(What is required): Pictures stay out; everything else in the listing below is to be restated word for word.

(Collected data):

★ ★ ★ ★ ★ ★ ★

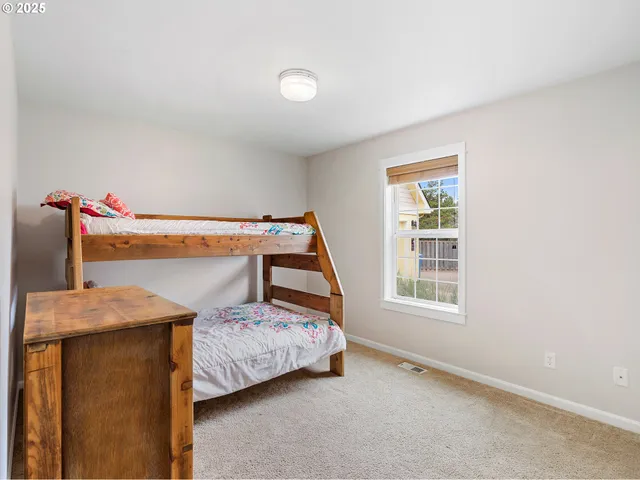 a view of room with closet and cabinet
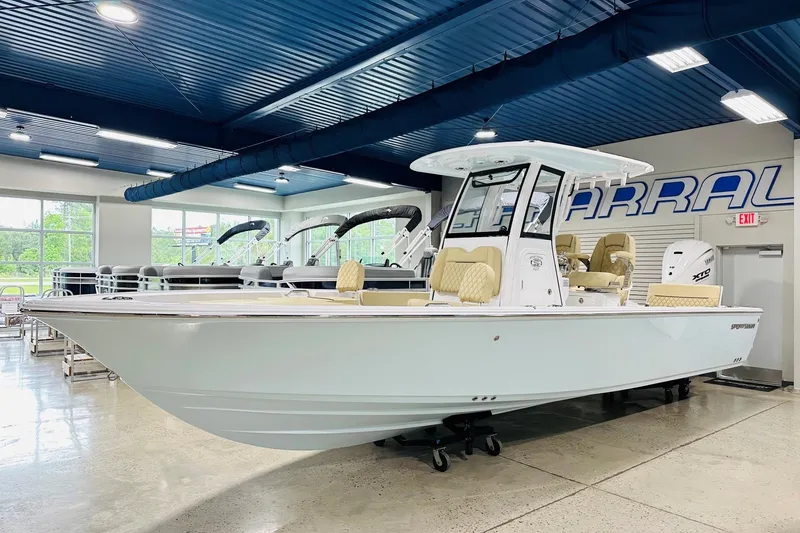 The Image of 2026 Sportsman Masters 267 Bay Boat displayed in a showroom with modern interior. - 2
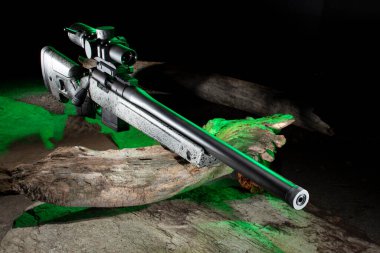 Green side lighting on a bolt action rifle and scope with a log on rocks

★ ★ ★ ★ ★ ★ ★

(Expected answer):
 a view of room with closet and cabinet
 The Image of 2026 Sportsman Masters 267 Bay Boat displayed in a showroom with modern interior. - 2
 Green side lighting on a bolt action rifle and scope with a log on rocks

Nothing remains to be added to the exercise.